I find the world of NFT-flogging celebrities fascinating, both because of the visceral, skin-crawling embarrassment I feel when I see people like Fallon and Hilton half-heartedly try to express enthusiasm for their expensive new Twitter avatars, and also because it gives me the sense that there is something going on behind the scenes here that I am not quite privy to. Where does a person like Paris Hilton or Eminem even hear about "bored apes"? Who is recommending that they buy one? Is this really the best thing any of them can think to do with their money and fame? [...]
If you pay attention to both the Hollywood trades and the crypto press, and smoke enough weed, you can begin to pick out the contours of an expanding, interconnected, celebrity-based web3 financial-cultural complex: [...] If you have access to a free trial of some chart-making software, you can even begin to make a corkboard map of this emerging web of ownership, business relationships, and incredibly bad art.
I don't quite know what to make of this. Is it a ... scam? A dodge? A conspiracy? One of the funny things that the world of web3 seems intent on revealing is the extent to which the boundaries between concepts like "Ponzi scam," "pyramid scheme," "multi-level marketing," "conspiracy," and "just regular old financial capitalism working as intended" are not really as clear as we might like or hope. [...]
One reason the clip is so weird and funny is that it's not all that different from Hilton going on The Tonight Show and talking about her favorite penny stocks, while Fallon enthusiastically confirms that he's invested, too.
What you'll be seeing for the next period of time is very desperate promotion of NFTs and Crypto to wider and wider audiences, because now it's a race: Finding marks before the marks hear that NFTs and Crypto are scammed up garbage selling bridges and swamp land as get-rich.

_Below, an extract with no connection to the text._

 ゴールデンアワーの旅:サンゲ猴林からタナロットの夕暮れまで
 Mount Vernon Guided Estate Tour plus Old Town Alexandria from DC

It's going to be weirder and weirder to see how easily those nice-looking people on the tv and the movies and in the cables and the streams are made to stumble haltingly over the dumb, dumb language of NFT/Crypto, but don't worry
It'll be over soon
And we'll have right-clicked
I'm amazed at the way this has me feeling both less and more insane. Love a good chart, though!
…God, CAA’s in on it too? It’s gonna leach into Hollywood’s drinking water if that’s the case 🤮
Ooo suddenly wondering if there's a Unix graph-drawing tool with a red yarn mode.
Wow. That lead down a rabbit hole. These links got me started down a hole in the internet reading about an understanding NFTs and how people are selling them. I always had a feeling that NFTs were almost certainly an even bigger scam than crypto, but I had never really taken the time to really understand it. I ended up wandering through NFT Twitter for a bit.
It's so much dumber and more of a scam than even my wildest imagination could have come up with. I don't understand how it isn't blindly obvious that these dumb cartoon avatars are not actually being sold. Not that it matters though, because even if NFTs worked exactly as advertised, and having an NFT literally gave you exclusive control over an image all across the internet that no one could copy, what moron thinks that those dumb semi-randomly made images are worth anything? It's mind blowing. NFT twitter is just amazing.
It is ownership in its purest, most abstract form, uncontaminated by tangible or intangible matter.
You own nothing, but you possess a surprisingly robust cryptographic proof that you own a specific portion of the nothing.
A dive into the celebrity-industrial complex that allows grifters to purchase celebrity endorsements:
Warning: also an annoying pseudo-influencer, but at least he (or his team) has done some actual detective work.
Not long before Ooma shipped their first product, our boy-wonder founder announced a marketing partnership and spokesperson deal with a major celebrity. On The Day, he went around the building telling us to play it cool when Ashton Kutcher arrived.
Blank stares all around. "Who?" "Um, I think he was Demi Moore's boy-toy or something?"
There were two things that came out of this deal: a baffling concept video, and a launch-day disaster that led thousands of potential customers to publicly speculate that they were being Punk'd.
The punchline was an invoice that landed in the wrong inbox a while later, from a celebrity-introduction service. Boy Wonder was paying to hook up with the rich and famous, without even getting a happy ending.
-j
i'm anxiously waiting for NFTs to be sold on QVC.
Looks disturbingly like a circuit diagram. I wonder what the equivalent to Kirchoff's laws is.